Data Warehouse Design - Chapter 1.3 Flashcards
What are 5 architecture properties that are essential for a data warehouse system?
- Separation
- Scalability
- Extensibility
- Security
- Administerability
What is meant by seperation?
Analytical and transactional processing should be kept apart as much as possible
What is meant by scalability?
Hardware and software architectures should be easy to upgrade as the data volume and number of users requirements increase
What is meant by extensibility?
It should be able to host new appliations and technologies without redesiging the whole system
What is meant by security?
Monitoring access is essential because of the strategic data stored in data warehouses
What is meant by administerability?
Management of the system should not be overly difficult
What are the characteristics of a single-layer data warehouse?
- There is only one physical layer of data, which is the source layer of operational data
- The data warehouse is virtual, created by middleware.
- It does not meet the requirement ‘seperation’
- Rarely used in real life
When can a single layer data warehouse be successful?
If analysis needs are particularly restricted and the data volume to analyze is huge.
What are the stages in the two-layer architecture?
- Source layer
- Data staging
- Data warehouse layer
- Analysis
–> So it has four stages, but two physical layers, namely the source layer and the data warehouse layer
What is the source layer?
Data that is originally stored to corporate relational databases or legacy databases
What is meant by data staging?
Here data that is stored in the physical layer is extracted, cleansed and integrated into one common scheme.
For this, ETL tools are used.
What are ETL Tools?
Extraction, Transformation and Loading tools - to merge, extract, transform, cleanse, alidate, filter and load source data into a data warehouse.

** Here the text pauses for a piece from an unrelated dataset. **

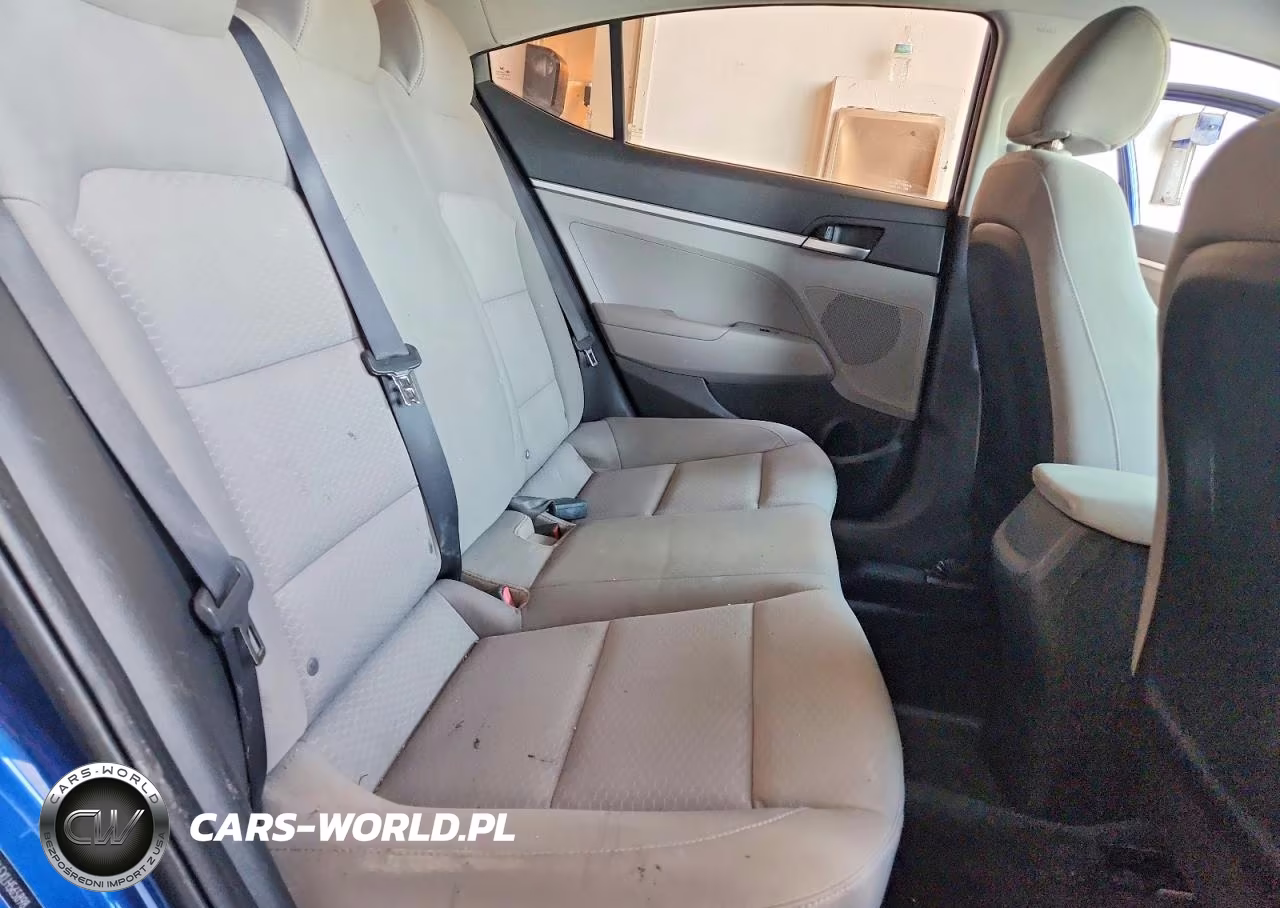 2020 Hyundai Elantra Se VIN:5NPD74LFXLH565898 - 10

What is the data warehouse layer?
The place where the information is stored to one logically centralized repository.
This data warehouse can sometimes automatically be accesed or sometimes data marts are used.
What is a data mart?
A subset or an aggregation of the data stored to a primary data warehouse. It includes a set of information pieces relevant to a specific business area, deparment or group of users
What happes in the analysis stage?
Integrated data is efficiently and flexibly accessed to issue reports, analyze information and simulate business scenarios
What are three reasons data marts are useful?

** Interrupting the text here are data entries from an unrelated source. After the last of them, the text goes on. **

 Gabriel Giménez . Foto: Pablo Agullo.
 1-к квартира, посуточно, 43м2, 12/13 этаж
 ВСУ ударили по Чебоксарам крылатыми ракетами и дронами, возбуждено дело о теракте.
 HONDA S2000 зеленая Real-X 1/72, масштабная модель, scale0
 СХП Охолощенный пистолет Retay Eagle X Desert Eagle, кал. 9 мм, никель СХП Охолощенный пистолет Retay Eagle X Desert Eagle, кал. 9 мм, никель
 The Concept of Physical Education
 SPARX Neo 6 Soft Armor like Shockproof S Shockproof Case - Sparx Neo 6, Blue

- They can be used as building blocks while incrementally developing data warehouses;
- They mark out the information required by a specific group of users to solve queries;
- They can deliver better performance because they are smaller than primary data warehouses
Which two types of data marts are there?
- Dependent data marts - populated from a primary data warehouse
- Independent data marts - populated by the sources
(streamlines the design, but prone to inconsistencies between the different marts)
How can you avoid data inconsistencies between independent data marts?
By creating a primary data warehouse that is populated by the individual marts (instead of the other way around).
What are five advantages of the two-layer architecture?
- Good quality information is always available, even if access to the sources is unavailable.
- Analysis queries do not affect the management of transactions
- Data warehouses are logically structured according to the multi dimensional model
- OLAP system have historical and summarized data as well - so you avoid a mismatch in terms of time and level of detail
- Data warehouses can be designed specifically to optimize performance
What is the key characteristic of the three-layer architecture?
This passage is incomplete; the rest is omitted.